Body mass index, a measure of obesity, is not linked to being diagnosed with prostate cancer overall. In fact, obese men may have a relatively lower PSA levels than non-obese men due to dilution of the PSA in a larger blood volume. However, obese men are more likely to be diagnosed with aggressive disease.
Other factors that have been linked to aggressive prostate cancer include:
- Tall height
- Lack of exercise and a sedentary lifestyle
- Very high calcium intake
- Black race
- Family history
- Agent Orange exposure
Research in the past few years has shown that dietary factors might decrease the chances of developing prostate cancer, reduce the likelihood of having a prostate cancer recurrence, or help slow the progression of the disease. Get practical tips on dietary and lifestyle changes in PCF’s guide, The Science of Living Well, Beyond Cancer.
Risk and Other Prostate Conditions
A common misconception is that the presence of non-cancerous conditions of the prostate will increase the risk of prostate cancer.
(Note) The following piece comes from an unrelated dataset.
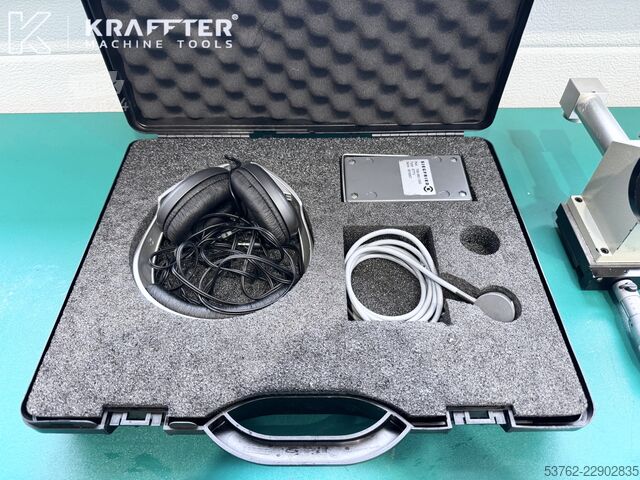 Interdrive srl Interdrive srl Interdrive srl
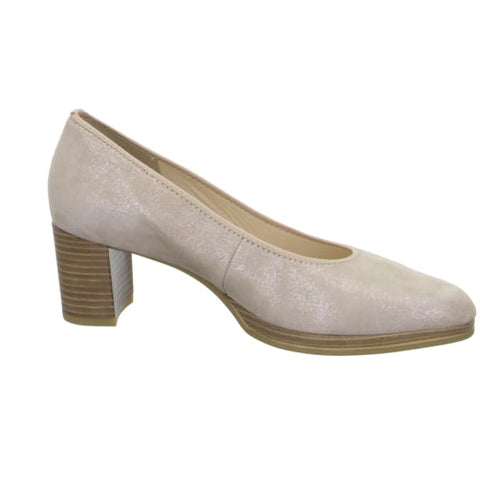 Ara - Pumps - Ara Pumps Cannes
While these conditions can cause symptoms similar to those of prostate cancer and should be evaluated by a physician, there is no evidence to suggest that having either of the following conditions will increase a man’s risk for developing prostate cancer.
Benign Prostatic Hyperplasia (BPH) is a non-cancerous enlargement of the prostate. Because the urethra (the tube that carries urine from the bladder out of the body) runs directly through the prostate, enlargement of the prostate in BPH squeezes the urethra, making it difficult and often painful for men to urinate. Learn more about BPH.
Prostatitis, an infection in the prostate, is the most common cause of urinary tract infections in men. Most treatment strategies are designed to relieve the symptoms of prostatitis, which include fever, chills, burning during urination, or difficulty urinating. There have been links between inflammation of the prostate and prostate cancer in several studies. This may be a result of being screened for cancer just by having prostate-related symptoms, and currently, this is an area of controversy. Learn more about prostatitis.
More Myths and Non-Risks
Sexual Activity: High levels of sexual activity or frequent ejaculation have been rumored to increase prostate cancer risk. This is untrue. In fact, studies have shown that men who report more frequent ejaculations may have a lower risk of developing prostate cancer.
Vasectomy: Having a vasectomy was originally thought to increase a man’s risk, but this has since been disproven.
Medications (aspirin, statins): Several recent studies have shown a link between aspirin intake and a reduced risk of prostate cancer by 10-15%. This may result from different screening practices, through a reduction of inflammation, or other unknown factors. The class of drugs called statins – used to lower cholesterol – has also recently been linked to a reduced risk of aggressive prostate cancer in some studies. However, neither aspirin nor statins are recommended solely to prevent or treat prostate cancer.
Alcohol: There is no known direct link between alcohol and prostate cancer risk.
Supplements (Vitamin E, selenium): Recent studies have not shown a benefit in consumption of vitamin E or selenium (in the formulations studied) in the prevention of prostate cancer.
(Some of the information on this page is adapted from Dr. Patrick Walsh’s Guide to Surviving Prostate Cancer.)